Exhaustive briefs have been filed by both parties. In behalf of the respondents it is chiefly urged that the issues raised and adjudicated in Howard v. Swift, supra, were not the same as those presented by the bill in chancery in the superior court; that nothing contained in our opinion in the former case can be interpreted to mean that a bill in chancery cannot be prosecuted in a court of equity; that even if the language used in our opinion were susceptible of such interpretation, it would constitute a mere obiter dictum — not a judgment — because the question whether a suit in equity could be prosecuted on the claim was not then before this court. They argue that the only issue then presented was whether the claim could be adjudicated in the probate court.

The writ of prohibition is a highly prerogative writ, to be issued only on rare occasions with caution and forbearance and in cases of great necessity where no other adequate relief can be secured. It is conceded that this court has no original jurisdiction to issue writs of prohibition and that it can only issue them in aid of its appellate jurisdiction; (People v. Circuit Court of Cook County, 169 Ill. 201, and 173 id. 272;) but when an inferior court ignores or attempts to nullify a judgment of this court and no other adequate remedy is at hand, jurisdiction to issue writs of prohibition to compel respect for and obedience to our former judgments is, and should be, unquestioned, if respect for the law under our present judicial system is to prevail. In the recent case of People v. Circuit Court of Washington County, 347 Ill. 34, the rule was succinctly stated (p. 43): “It may be said that the rule is well settled in this State that while a writ of prohibition may not be used simply to prevent or correct errors of an inferior court, yet a superior court may, in aid of its appellate jurisdiction, issue such writ against an inferior court in a case in which this court has exercised its appellate jurisdiction and entered judgment, the purpose of the writ being to prevent an attempt on the part of such inferior court to set aside and nullify the judgment of the superior court once entered. This rule is a complete answer to the argument of respondent that the court, having entered judgment in the case of Jenkins v. Talbot, 338 Ill. 441, at a prior term, had lost jurisdiction of the subject matter given to it by appeal and therefore has no appellate jurisdiction to protect. This rule is likewise established in other States.”

At the outset it.becomes important to know what issues were decided by this court in Howard, v. Swift, supra.
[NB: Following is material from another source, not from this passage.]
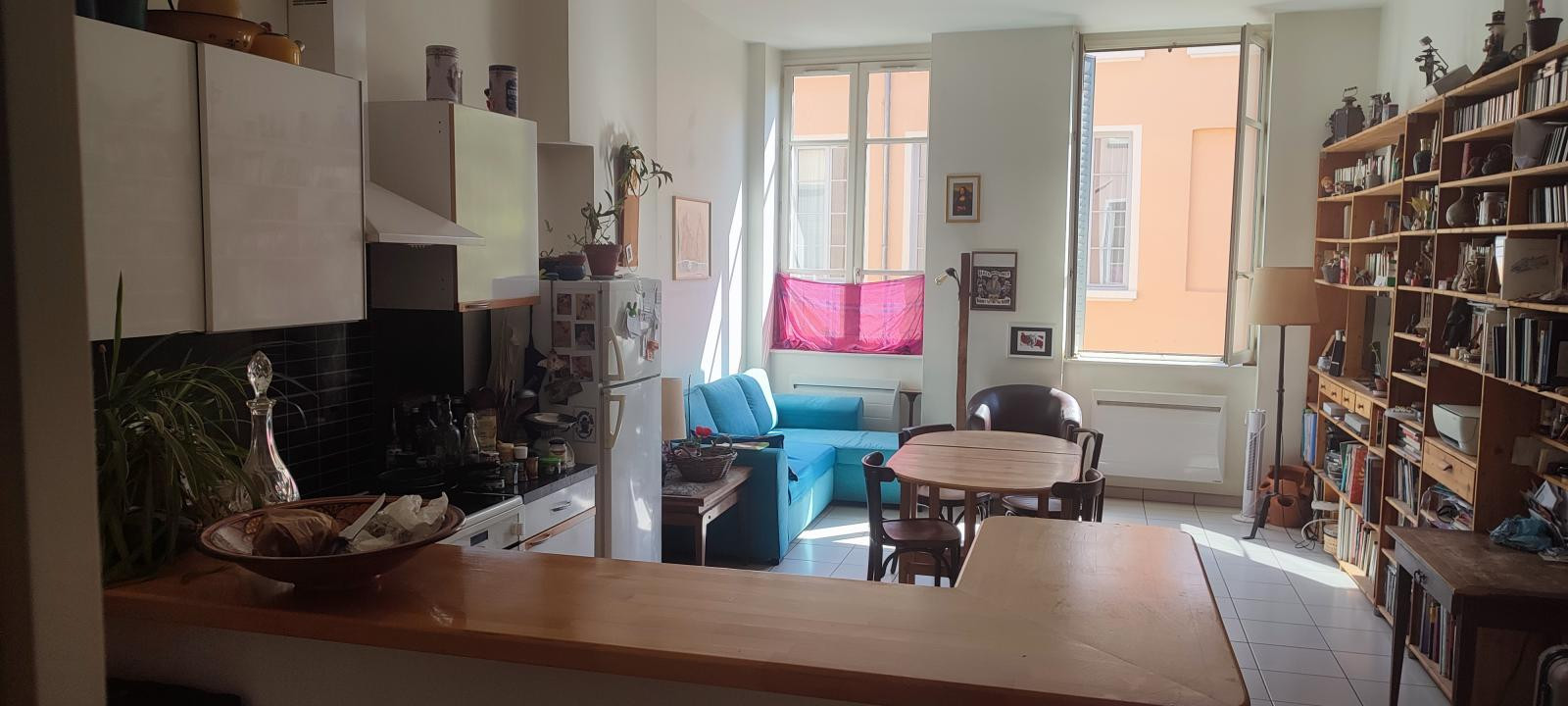 
                                                Location
                                                 COLOCATION GRAND APPARTEMENT LUMINEUX CROIX-ROUSSE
The pertinent part of our opinion'there was as follows (p. 85) : “The liability sought to be imposed upon the decedent’s estate is founded upon the alleged fraudulent and unlawful acts of the deceased while in his lifetime acting as an officer and director of the Securities Company. We cannot agree with the contention of the claimant that the cause of action stated is a money claim equitable in its nature. The cause of action stated is clearly one of tort. Generally speaking, torts may be divided into two classes: (1) Where the tort feasor is enriched by his wrongful act; (2) where the tort feasor derives no financial gain from his wrongful act. It is not averred in the claim that the decedent by his alleged tortious acts either directly or indirectly derived any pecuniary benefits by reason of the misconduct charged against him. In the first class of torts it has been generally held that the injured party may waive the tort and sue for money had and received, or for an accounting on an implied or constructive contract, upon the principle that the tort feasor is bound to restore to the injured party the gain acquired by him by reason of his improper and wrongful acts. (Arnold v. Dodson, 272 Ill. 377; Donovan v. Purtell, 216 id. 629; Toledo, Wabash and Western Railway Co. v. Chew, 67 id. 378; People v. Small, 319 id. 437.) Such, however, is not the rule when there has been no enrichment of the tort feasor emanating from the tort committed by him. In the last named situation the action must be in tort.”
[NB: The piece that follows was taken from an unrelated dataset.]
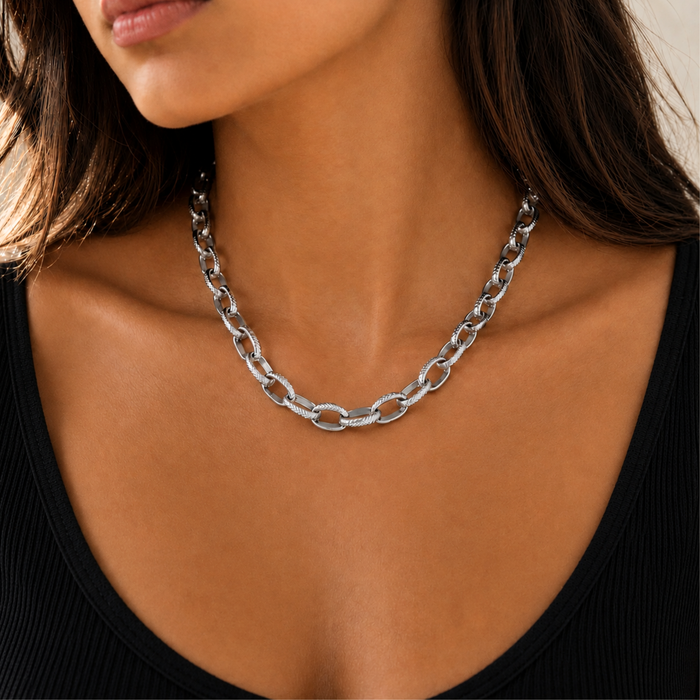 Avery Textured Link Necklace | Silver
It will be observed from the foregoing that we passed squarely upon the nature of the claim, specifically declaring that it was not a “money claim equitable in its nature” but that the “cause of action stated is clearfy one of tort.” This conclusion was not reached by one step but proceeded logically from an analysis of the averments in the claim itself, founded, as it was, upon alleged unlawful and fraudulent acts of the deceased while acting as an officer and director. Whether it was a claim for money equitable in nature depended entirely upon the statements in the claim, and it was therefore essential that we determine and state its true character. We pointed out that since the claim was not based upon the tort feasor’s enrichment by his alleged wrongful acts, the injured party had no right to sue for money had and received or for an accounting, but his action was limited to one in tort. These conclusions were not mere obiter dicta, but were as much a part of our judgment in that case as if they had been summarized and expressed in the last line of the opinion.
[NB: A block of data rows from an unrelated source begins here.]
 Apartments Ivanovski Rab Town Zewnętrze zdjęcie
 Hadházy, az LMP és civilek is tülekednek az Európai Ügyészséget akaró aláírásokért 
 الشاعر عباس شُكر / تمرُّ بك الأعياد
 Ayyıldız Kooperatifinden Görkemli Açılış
It is said that no writ of prohibition should issue here, as a review of the decision of the superior court on the merits would in due course afford an adequate remedy to petitioners. This same argument was advanced, with adverse results, under somewhat similar circumstances in People v. Circuit Court of Washington County, supra, where we held: “It may be said that this is generally the rule where an adequate remedy is provided by law for a review of the proceedings in the inferior court. This is not, however, necessarily true in cases where a writ is sought in aid of the superior court’s appellate jurisdiction, since the writ in such case is based on the want of power of the inferior court to invade or obstruct the judgment of the superior court or its consideration of the appeal, as the case may be. Again, it may be, as petitioner contends here, that an appeal would be wholly inadequate, and that before the matter could be reviewed on appeal the judgment of this court in the cause would be entirely abrogated and petitioner itself destroyed. * * * In such a state of facts as here alleged and admitted by the demurrer, a review, by appeal, of the order of the circuit court of Washington county would be a mere mockery. Such a remedy would be in nowise adequate.” So in this case, an appeal from a trial on the merits in the superior court would not give adequate relief. It could come only at the end of a prolonged, expensive and fruitless hearing wherein recovery of money was being sought in equity on a claim which we have already said could afford no equitable money relief to the claimants.

Since the claim is not equitable in its nature it necessarily follows that a court of equity has no jurisdiction over it, unless, perchance, the claim could be said to be merely incidental to some other and distinctly equitable cause of action. Nothing of this sort is either suggested by counsel or apparent from the record. The cases cited by respondents to sustain jurisdiction of a court of equity over the claim are either (1) cases where other grounds of equitable jurisdiction are present; (2) cases from States where directors are regarded as trustees of an express trust, a doctrine distinctly repudiated in this State; (Becker v. Billings, 304 Ill. 190; Gottlieb v. Miller, 154 id. 44;) or (3) cases in which the defendants waived any objections to the jurisdiction of a court of equity and where the question of jurisdiction was therefore not discussed or passed upon. The fact that such a suit may be entertained by a court of equity where other clear grounds of equitable relief exist, or where the defendants submit themselves to the jurisdiction of a court of equity without objection, does not necessarily give such a court jurisdiction where such conditions are not present. Law v. Ware, 238 Ill. 360.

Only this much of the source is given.